Camilo falou que deve reabrir as escolas em setembro, apesar do parecer contrário do Conselho Estadual de Educação (CEE). O CEE orientou as instituições a darem continuidade às atividades letivas por meio remoto, até 31 de dezembro de 2020, mesmo após autorização para a retomada das atividades presenciais nesse período por decreto estadual.

Em postagem no seu perfil o governador disse: “Informo que, após reuniões de avaliação de estudos e cenários p/Comitê formado por Saúde, TJ, MPE e MPF, ficou decidido que as escolas e universidades, públicas e privadas, não deverão retornar as aulas em agosto, com previsão de retorno no início de setembro”.

Com o Brasil se aproximando da triste marca de 100 mil vidas perdidas para a Covid-19 e com a doença ainda acelerada em várias regiões do País, inclusive no Ceará, o retorno às aulas é sinônimo de mais mortes, reagiu o presidente da CUT-CE, Wil Pereira.

O retorno das aulas presenciais pode causar um genocídio, pois expõe ainda mais pessoas ao risco de contaminação e morte pela Covid-19
- Wil Pereira

“Precisamos continuar preservando a vida dos trabalhadores e das nossas famílias”, reforçou o dirigente que lembrou a decisão do Comitê contrária à volta em setembro caso se mantenham todos os indicadores epidemiológicos.

Tarcísio de Aquino/CUT-CETarcísio de Aquino/CUT-CEO CEE orientou ainda que o retorno também seja opcional e que pais e alunos tenham garantida a continuidade do atendimento remoto  conta das unidades escolares ou universitárias.

“A situação de saúde pública no estado continua frágil e irregular, considerando as diversas regiões. Portanto, orientamos manter o ensino remoto até o final do ano. Isso porque há um reconhecimento geral de que os estudantes têm ainda um momento de fragilidade nas escolas, especialmente se eles vivem com pais idosos, avós, parentes com doenças crônicas e que podem levar o coronavírus para dentro de casa. Então, neste sentido, a orientação do Conselho é pela flexibilização, inclusão, equidade e, para que se evite, ao máximo, a evasão escolar”, reforçou o professor Custódio Almeida, presidente da Câmara de Educação Superior e Profissional (CESP), do Conselho Estadual de Educação (CEE) e um dos relatores do Parecer Nº 205/2020, que orienta sobre a continuidade do ano letivo.

De acordo com Wil Pereira, a CUT Ceará tem acompanhado este debate junto ao Comitê Estadual de Enfrentamento à Pandemia do Coronavírus e defendido no colegiado todas as medidas necessárias que priorizam a preservação das vidas de trabalhadores e trabalhadoras.

Na opinião do dirigente, “enquanto todas as escolas não estiverem totalmente adaptadas para a nova realidade e enquanto não tiver vacina, defenderemos que elas continuem fechadas para salvar vidas”.
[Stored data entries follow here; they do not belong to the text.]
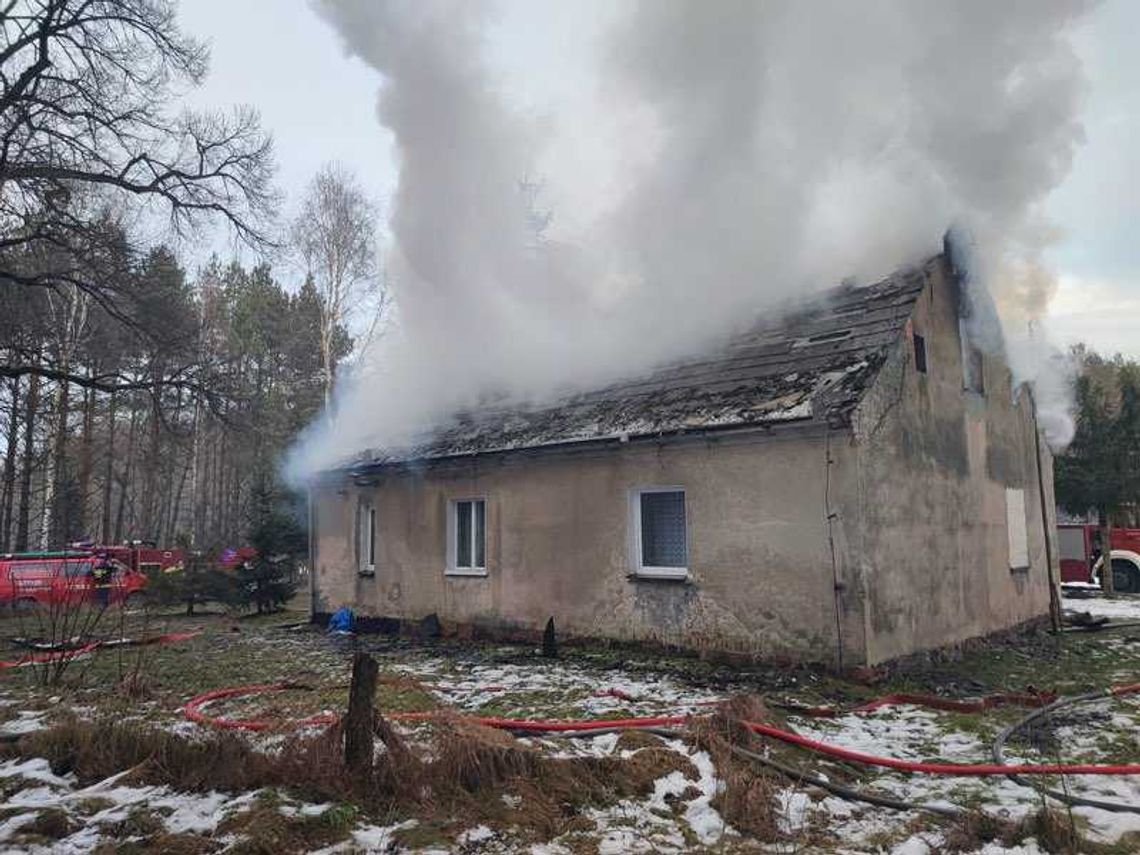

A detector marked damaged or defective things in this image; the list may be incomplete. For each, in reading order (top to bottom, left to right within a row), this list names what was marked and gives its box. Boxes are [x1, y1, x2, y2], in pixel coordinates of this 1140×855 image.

charred roof [348, 256, 934, 469]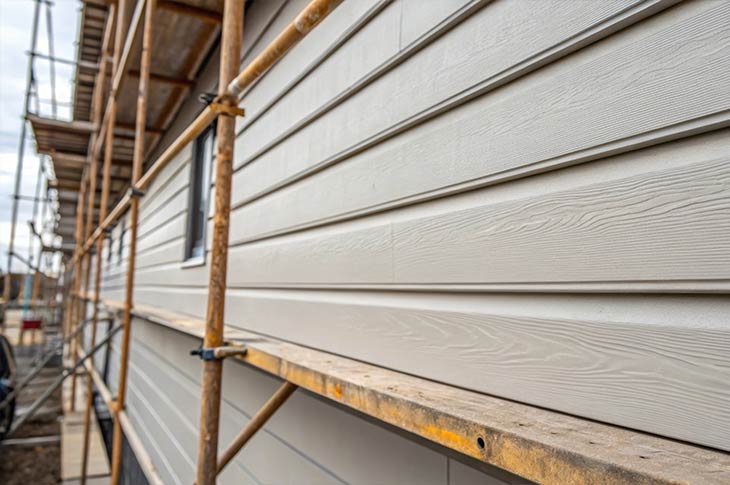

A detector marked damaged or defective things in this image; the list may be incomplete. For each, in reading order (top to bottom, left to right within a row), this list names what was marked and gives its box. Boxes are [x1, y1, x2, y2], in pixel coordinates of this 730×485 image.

rusty metal pipe [215, 382, 298, 472]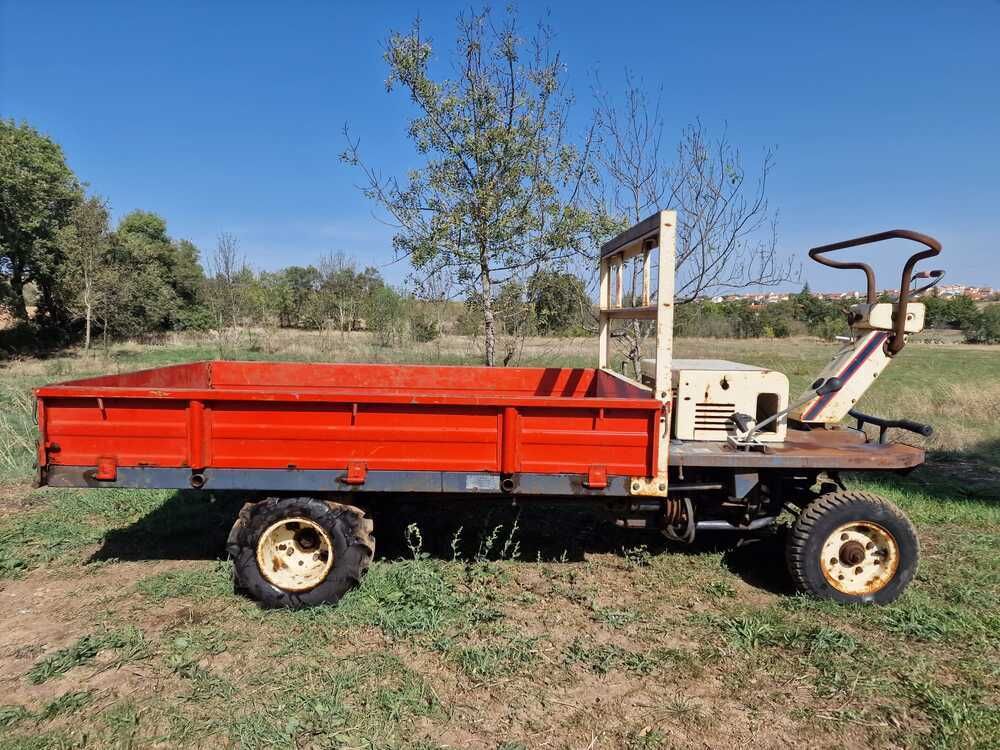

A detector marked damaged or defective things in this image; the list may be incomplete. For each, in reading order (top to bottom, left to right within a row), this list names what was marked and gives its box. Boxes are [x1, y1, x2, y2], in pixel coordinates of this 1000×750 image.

rusty wheel hub [820, 520, 900, 596]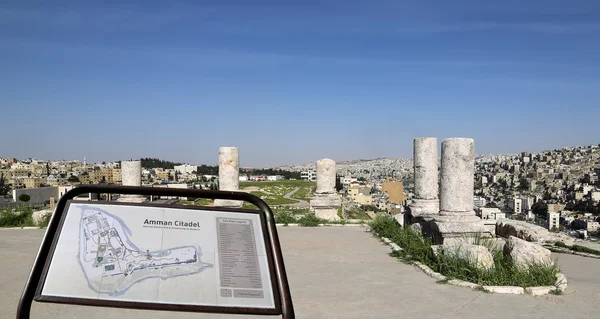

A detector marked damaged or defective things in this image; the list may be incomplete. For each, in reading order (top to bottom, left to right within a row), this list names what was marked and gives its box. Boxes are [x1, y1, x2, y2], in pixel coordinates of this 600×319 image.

rusty metal frame [15, 185, 294, 319]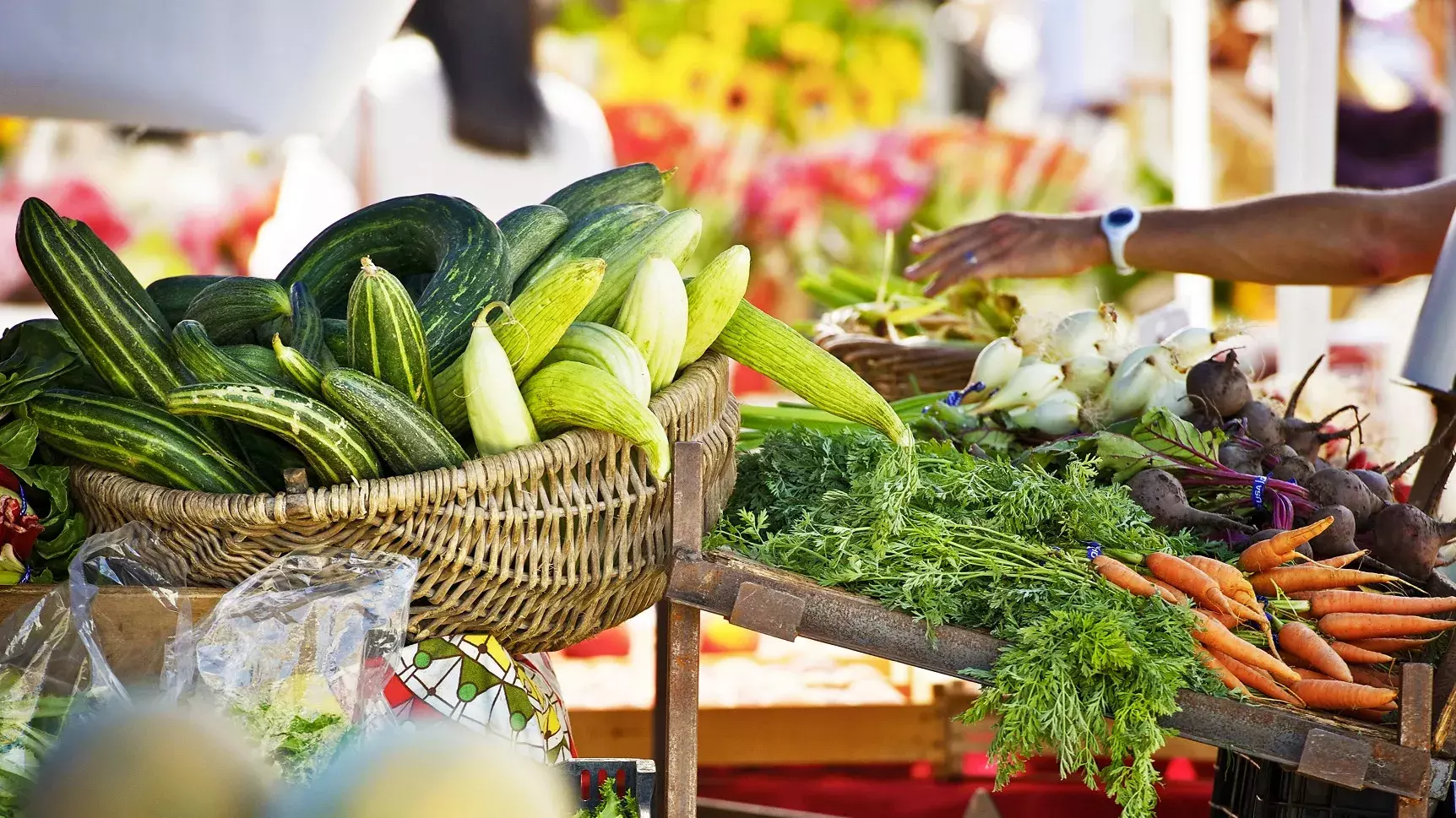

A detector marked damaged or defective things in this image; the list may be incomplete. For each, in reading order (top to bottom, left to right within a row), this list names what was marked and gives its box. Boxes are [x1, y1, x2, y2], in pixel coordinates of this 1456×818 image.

rusty metal bar [666, 544, 1450, 791]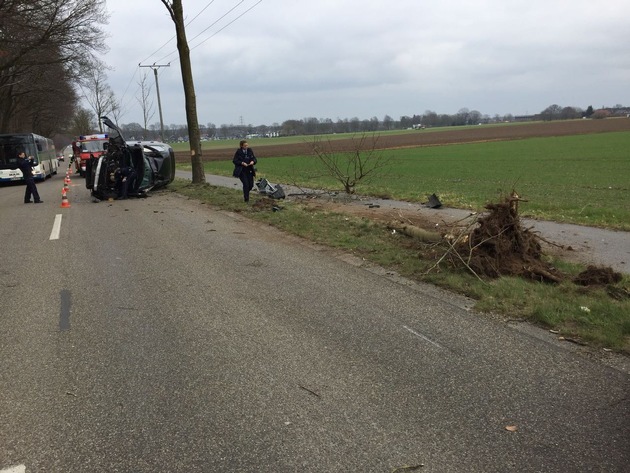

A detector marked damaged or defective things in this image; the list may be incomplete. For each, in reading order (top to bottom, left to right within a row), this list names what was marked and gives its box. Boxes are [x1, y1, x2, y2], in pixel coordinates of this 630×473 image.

overturned car [85, 118, 175, 201]
shattered car debris [85, 118, 175, 201]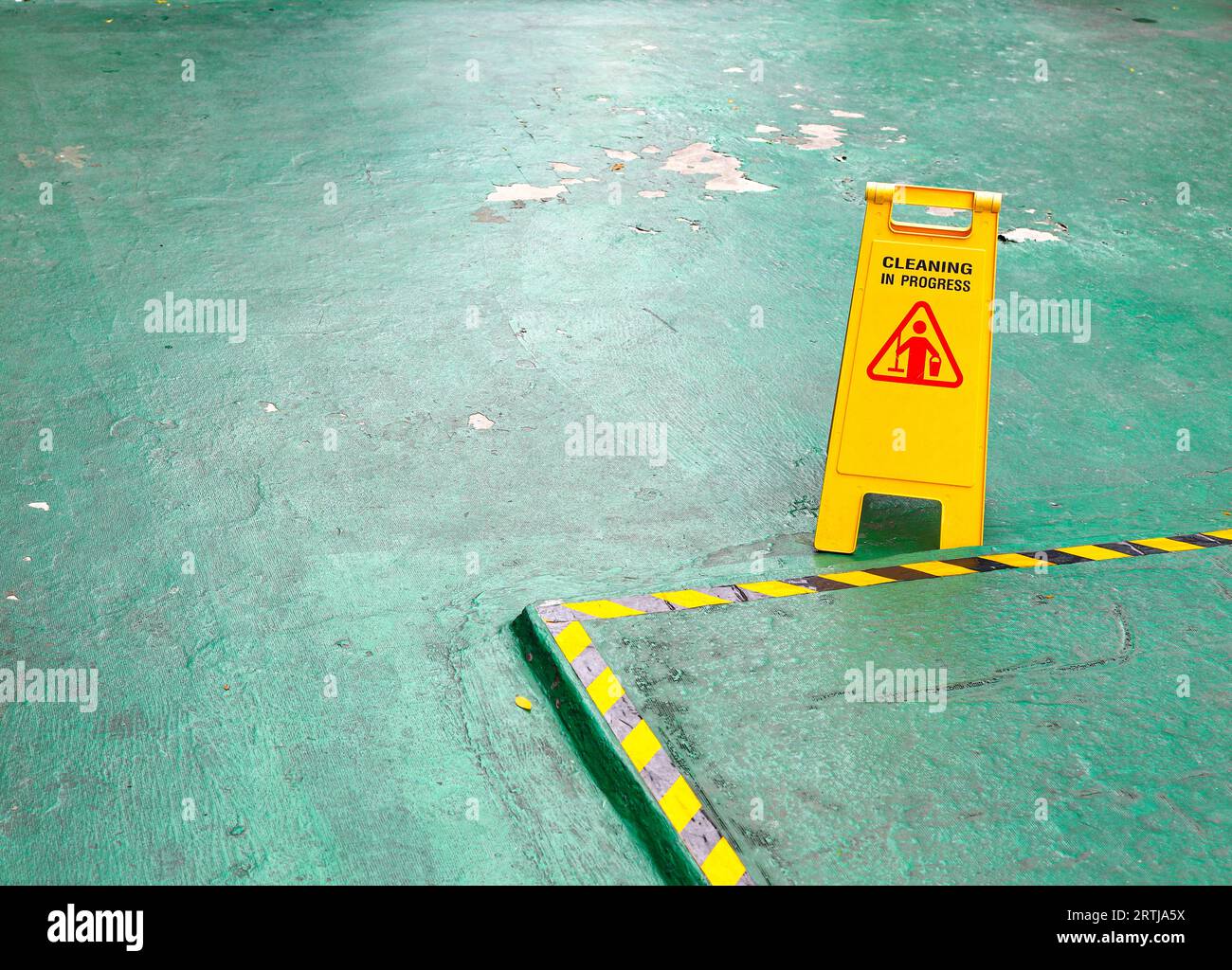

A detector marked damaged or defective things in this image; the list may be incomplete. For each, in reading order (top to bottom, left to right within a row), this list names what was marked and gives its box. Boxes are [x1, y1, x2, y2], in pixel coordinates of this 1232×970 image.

peeling paint patch [793, 124, 842, 151]
peeling paint patch [660, 142, 773, 193]
peeling paint patch [487, 183, 569, 203]
peeling paint patch [470, 207, 510, 224]
peeling paint patch [995, 227, 1064, 242]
Wil também lembra que a Central Única está orientando suas entidades filiadas a reforçar as campanhas lançadas pela Confederação Nacional dos Trabalhadores em Educação (CNTE) e pela Confederação dos Trabalhadores no Serviço Público Municipal (Confetam) que defendem a o retorno às aulas apenas quando for seguro para professores, pais, alunos e comunidade escolar.

Fiocruz confirma risco de volta as aulas

Preocupados com esse cenário de epidemia no Brasil, pesquisadores do Instituto de Comunicação e Informação Científica e Tecnológica em Saúde da Fiocruz divulgaram estudo alertando que a volta às aulas presenciais pode representar um perigo para cerca de 9,3 milhões de brasileiros (4,4% da população total) idosos ou adultos com doenças crônicas que estão enquadradas no grupo de risco da Covid-19. O risco foi estimado pelo fato desse grupo morar no mesmo lar que o público em idade escolar.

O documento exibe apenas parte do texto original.